"Shahid": Was passiert, wenn ein Märtyrer auf deutsche Bürokratie trifft?
Tradition und Repression: In ihrer Komödie erzählt Narges Kalhor davon, was westliche Demokratien der Freiheit der Frauen schuldig sind.
Der Geist des Urgroßvaters besucht Narges Shahid Kalhor. Er erzählt ihr von der ruhmreichen Geschichte einer Familie von islamischen Kämpfern und Kriegern. "Shahid" heißt auf Deutsch Märtyrer.
Der Film "Shahid" beginnt mit dieser Traumsequenz im Musical-Stil und wird zu einer wilden Mischung aus magischem Realismus, Comic-artiger iranischer Geschichtentradition, Film-im-Film-Drama und einer wilden Farce über die deutsche Bürokratie.
Theokratie und Bürokratie
Die Eröffnungsszene des Films erzählt in poetischen Bildern und in Zeitlupe von Narges Obsessionen: Tänzerinnen und Tänzer in schwarzen Gewändern erscheinen nicht nur in ihren Träumen, sondern umgeben sie und folgen ihr auf Schritt und Tritt, selbst wenn sie das Haus verlässt.

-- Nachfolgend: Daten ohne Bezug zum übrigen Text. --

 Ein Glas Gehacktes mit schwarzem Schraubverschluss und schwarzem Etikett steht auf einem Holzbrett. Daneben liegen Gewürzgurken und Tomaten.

Diese Geister sind die Verkörperung der Märtyrerhelden, die Narges Familie geprägt haben und die sie jetzt im Namen ihrer Vorfahren verfolgen, bis hin zu den Ämtern der bayerischen Stadtverwaltung. Kurz nach Beginn wird eine lange Liste in Druckbuchstaben auf die Leinwand getippt: Das sind die benötigten Bescheinigungen, um einen bürokratischen Prozess in Deutschland zu beginnen.
Denn die Hauptfigur, die mit der Regisseurin nicht zufällig Ähnlichkeiten verbinden, will den Nachnamen "Shahid" zwischen Narges und Kalhor loswerden und hat nun auch mit den Geistern der deutschen Bürokratie zu kämpfen.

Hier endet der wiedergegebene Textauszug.